My advice is to try spending some time with the kitty, get to know it and what it may like. I would also recommend you not think of yourself as the cats owner, because I guarantee the cat doesn't think of the situation that way, as best you're a friend and protector, at worst you're some guy who keeps bothering her. Remember, cats are extremely smart and have a better grasp of the situation around them than most people think. Just like people, you can't force a cat to love you, but if you love your cat you can change yourself to be what she wants to love.
post #8 of 8
Oh, it should also be noted, and this may sound obvious but bare with me, cats are a different animal than humans. What I mean is that we have two completely different social systems, a lot of people offend cats without knowing it.

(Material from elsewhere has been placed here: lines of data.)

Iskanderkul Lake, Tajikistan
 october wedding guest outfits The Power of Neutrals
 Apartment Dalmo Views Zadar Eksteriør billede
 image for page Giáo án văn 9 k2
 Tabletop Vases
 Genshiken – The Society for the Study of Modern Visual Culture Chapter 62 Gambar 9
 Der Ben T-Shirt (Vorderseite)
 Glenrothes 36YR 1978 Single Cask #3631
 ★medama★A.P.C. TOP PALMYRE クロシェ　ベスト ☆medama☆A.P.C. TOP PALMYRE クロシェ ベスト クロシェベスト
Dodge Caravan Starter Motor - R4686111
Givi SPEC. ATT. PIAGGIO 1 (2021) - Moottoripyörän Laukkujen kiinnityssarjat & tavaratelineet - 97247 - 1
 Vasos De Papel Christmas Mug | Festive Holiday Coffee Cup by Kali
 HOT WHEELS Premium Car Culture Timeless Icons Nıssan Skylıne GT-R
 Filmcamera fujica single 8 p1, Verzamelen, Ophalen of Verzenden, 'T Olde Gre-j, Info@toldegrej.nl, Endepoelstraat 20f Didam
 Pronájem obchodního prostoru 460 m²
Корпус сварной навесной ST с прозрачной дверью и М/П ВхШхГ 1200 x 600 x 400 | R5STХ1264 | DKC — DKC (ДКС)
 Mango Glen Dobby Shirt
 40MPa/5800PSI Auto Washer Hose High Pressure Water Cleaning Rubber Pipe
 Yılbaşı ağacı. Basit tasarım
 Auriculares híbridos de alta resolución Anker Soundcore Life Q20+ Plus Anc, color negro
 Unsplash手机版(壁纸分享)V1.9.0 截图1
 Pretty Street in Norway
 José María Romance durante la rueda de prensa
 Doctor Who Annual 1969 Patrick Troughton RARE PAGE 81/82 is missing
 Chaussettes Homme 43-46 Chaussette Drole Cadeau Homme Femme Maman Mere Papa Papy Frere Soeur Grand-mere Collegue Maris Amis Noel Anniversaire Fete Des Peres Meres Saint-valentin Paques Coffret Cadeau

Among humans it's a sign of respect and honesty to look someone dead in the eye when speaking with them (this is especially true of western culture) so avoiding eye contact makes a person seem shifty, like they're up to something. But cats still have feral instinct, which means that the only reason to look another creature in the eye is to gather information prior to making a kill. To many cats a human looking them in the eye or even looking directly at them is a huge threat so it instinctively makes them uncomfortable. A cats peripheral vision is excellent, however they don't understand that in comparison we're blind as moles in the outer edges of our vision. So a cat won't understand why we can't just watch them out of the corner of our eyes.

Some things that I've found that help:

-The slow blink: A non-verbal communication meaning anything from 'I love you' to 'I'm not gonna eat you' (maybe the same thing in kitty-ese)
-The yawn: It's obvious, a predator doesn't yawn when it's about to pounce. Yawning is a sign of relaxation, it means the adrenaline that makes me a formidable hunter isn't doing it's thing.
-The stoner vision: Yep that's right, the baked get the kitty love. Keeping your eyes half closed (as close to fully closed as you can make them, pretend your Ginsberg...) has the same effect as the yawn. A predator needs all the information it can gather before making a kill, so the eyes are all the way open, allowing them to see what they need to judge distance, speed, interception, etc etc.

In the end, a cat would just a soon not have you look at them, but if you try these things you may be able to put her at ease enough to keep her from thinking that you're just keeping her around until the rest of the food runs out.